US President Donald Trump has displayed an inconsistent and dangerous approach towards North Korean provocations, prompting even Philippine President Rodrigo Duterte to advise restraint. This is because the consequences of a major conflict on the Korean peninsula, which would definitely have nuclear dimensions, are going to be disastrous for the whole region.

The present episode of crisis was caused by the Trump administration’s attempt to move the redline over the North Korean nuclear and missile programmes. Earlier, after North Korean nuclear and missile tests, the US used to bring more stringent economic and diplomatic sanctions on Pyongyang through UNSC resolutions. However, the new US administration is threatening to use ‘preemptive strikes’ on North Korean installations if any tests are conducted. Also, the US has been considering provisions of ‘secondary sanctions' on countries, bodies and individuals that deal with North Korea. If North Korea acknowledges and accepts this new redline, they will be unable to have more nuclear and missile tests. In all probability therefore the Kim Jong-un regime will not accept this proposition, at least not before some diplomatic gains are achieved through dialogue and negotiation. However, the US is not ready to accept any form of dialogue with North Korea, until the latter “refrains from these provocative tests.”

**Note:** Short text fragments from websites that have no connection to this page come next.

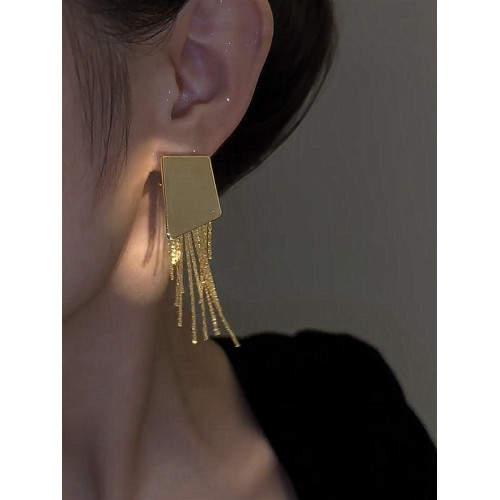 幾何不規則金屬方塊流蘇925銀針耳環新款時尚個性小衆高級感耳飾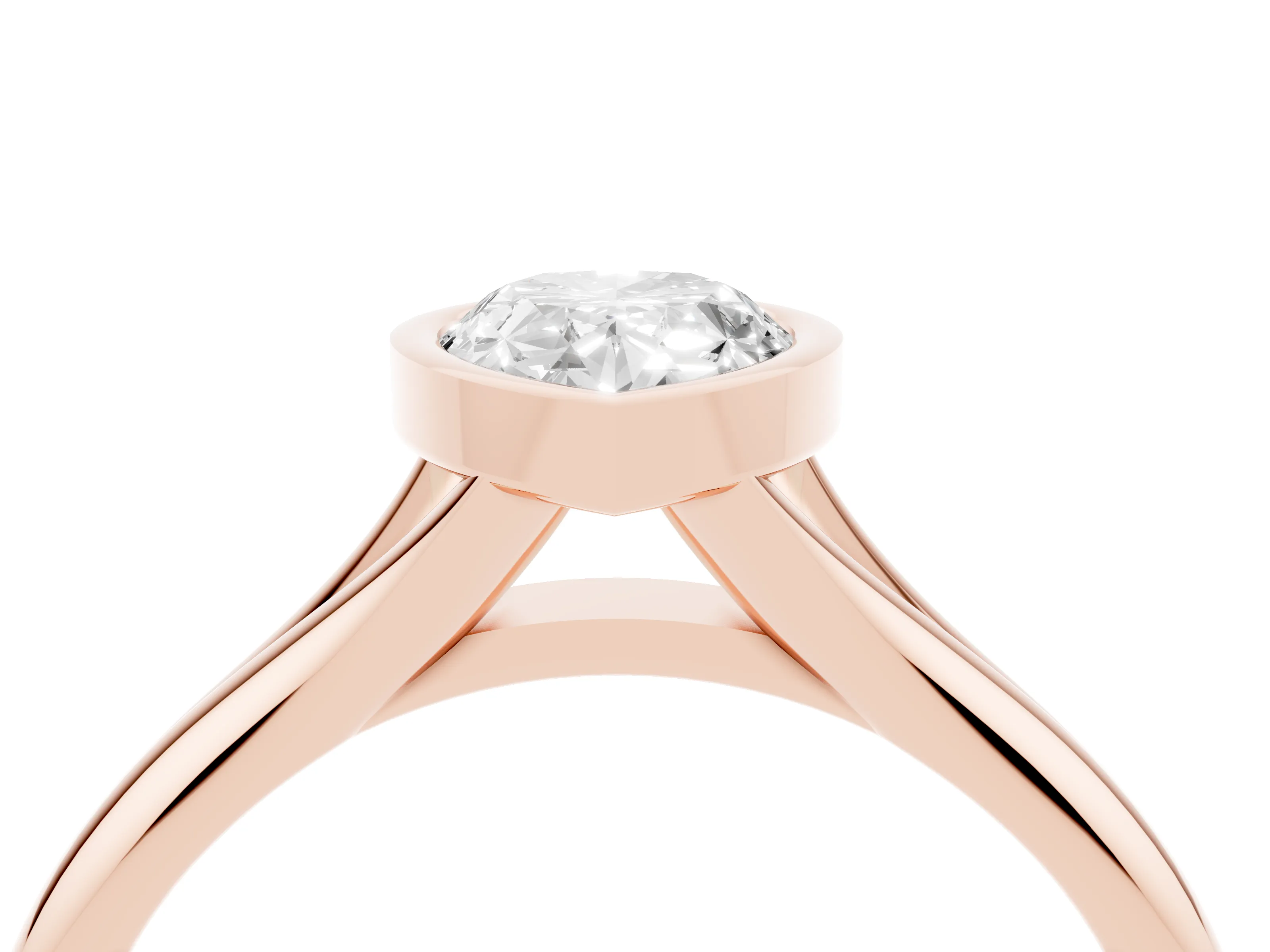 Bezel Set Pear Cut Diamond Solitaire Ring Set in Rose gold with Smooth Band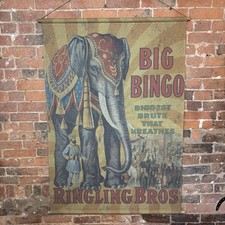 Vintage Style Circus Wall Hanging - Large Rustic Wall Feature - Canvas Art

In dealing with the ‘unpredictable’ North Korea, Donald Trump has been trying to convey that he is also equally unpredictable. He also wants to show that his threats are not empty by firing missiles on Syria and detonating the ‘mother of all bombs’ in Afghanistan. The US has also brought back the aircraft carrier USS Carl Vinson to the Korean Peninsula, along with the nuclear-powered submarine USS Michigan. Bilateral and multilateral military exercises between the US, South Korea, Japan, France and Britain are underway around the Korean peninsula. The US has also hastened to install the Terminal High Altitude Arial Defense (THAAD) system in South Korea. All these measures are meant to pressurise North Korea into accepting the new US redline.

Although the US has threatened to ‘go alone’ on the North Korean issue, Washington knows that the role of Beijing is going to be very critical. For the same reason, Donald Trump likely tried to reach some understanding with Chinese President Xi Jinping in dealing with North Korea during their recent summit meet in Florida, and over the phone conversations that followed. The US has been attempting to appease Beijing by promising trade concessions and taking Chinese security interests in the region into consideration.

However, the game that the Trump administration appears to be playing is devoid of any understanding of the complex regional context. Donald Trump needs to understand that ‘blinking first’ is not an option for North Korea’s belligerent regime. The North Korean strategy so far has been to defy any pressure and sanctions, and assert its independent security posture. Any moderation in this strategy in response to pressure would lead to the regime’s total strangulation and is thus not an acceptable proposition. Trump must also understand that North Korea is not Syria, for at least three reasons. First, North Korea possesses nuclear weapons along with their delivery systems. Second, North Korea’s survival is ensured by China. While China is not in favour of North Korean nuclear development or its provocative behaviour, it is definitely committed to the country’s survival. Third, any preemptive strike on North Korea would invite North Korean assured retaliation on Seoul, where one-fourth of the South Korean population resides, in addition to fifteen thousand US soldiers.

The US has also been unable to understand that China is not going to change its approach towards North Korea because of Donald Trump’s cheap inducements. Instead, it seeks bilateral trust based on a long-term common vision for the region. China has consistently been imposing economic sanctions on North Korea aimed at its nuclear and missile programmes, in tandem with the international community’s efforts. However, it also continues to have significant trade linkages with North Korea that help the regime survive. China’s recent ban on North Korean coal imports has more to do with its compliance with UNSC resolution 2321 and less with a bilateral understanding with the US. China’s approach was made clear by Foreign Minister Wang Yi in his speech at the UNSC on 28 April, when he called for dialogue and diplomacy on the North Korean crisis rather than military threats and arms build-ups. Trump’s redlines thus carry with them huge consequences.

The US administration’s approach has also irked South Korea, one of its allies in the region. South Korea feels that although Trump has unilaterally determined his North Korea policy, it will have far-reaching regional consequences. In addition, Trump has asked South Korea for US$1 billion for the deployment of THAAD, and has hastened the process of deployment when there is no elected leader in the country. The South Korean media has in fact emphasised that through his behaviour, Trump has threatened not only North but also South Korea. When the new South Korean leadership takes over in less than two weeks, it is likely that the very alliance with the US will be reviewed.

In this scenario, Trump’s unfolding game in the Korean Peninsula is, at best, not going to work, and at worst, may have devastating consequences for the region. Many in the region are of the opinion that the real danger is not from Kim Jong-un doing something catastrophic but Trump making a foolish move. It is only hoped that good sense prevails and a modus vivendi is evolved to deal with the crisis.